Tip: Be sure to keep the tension on the band the whole time.

A male physical therapist with an exercise band wrapped around his hands in resting position.  

A male physical therapist with an exercise band wrapped around his hands, stretching them outward.

Repeat 10 times for two sets.

These simple exercises can help alleviate shoulder pain resulting from swimming, gardening and other outdoor activities. Allocate 15 to 20 minutes a day, or before doing strenuous activity, to complete these shoulder exercises. Then compare how you feel to when you weren’t stretching.

The role of physical therapy

If at-home stretches and exercises don’t work for you, or if you’re still experiencing pain and discomfort even after completing them, it might be time for a physical therapist to assist. 

Physical therapy is critical in the recovery process of shoulder injuries. It involves exercises and treatments designed to restore function, improve mobility and relieve pain.

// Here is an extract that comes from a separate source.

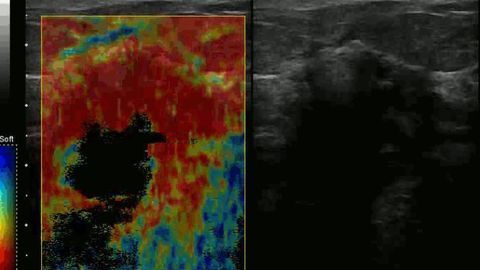 Algorithms Could Make Breast Cancer Diagnosis Easier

A common treatment plan can look like this:

  1. First visit – A physical therapist will spend some time learning about the origin of your injury — whether it was traumatic or gradually came on. Then they will choose appropriate tests to assess your shoulder motion, strength and surrounding regions to identify the areas involved.
  2. Building a program – After evaluation, a program will be developed to return full shoulder motion and strength, which may include some hands-on mobilization and soft tissue work.
  3. Treatment – During evaluation, a physical therapist will determine how often and long your appointments will be. This will be followed by specific exercises to carryover improved motion and progress into functional exercises to facilitate your return to everyday activities.

Summertime is meant for that “laid back” feeling, so why spend it constantly reaching for pain medication?

Gardening should feel rewarding, not uncomfortable and exhausting.

You shouldn’t have to avoid throwing a football around with friends because your shoulders just can’t take any more strain.

Doing these stretches at home, or seeing a physical therapist near you, can get you back to that normal summertime feeling.

It’s time to ditch the pain medicine and opt for care that will provide a longer period of comfort.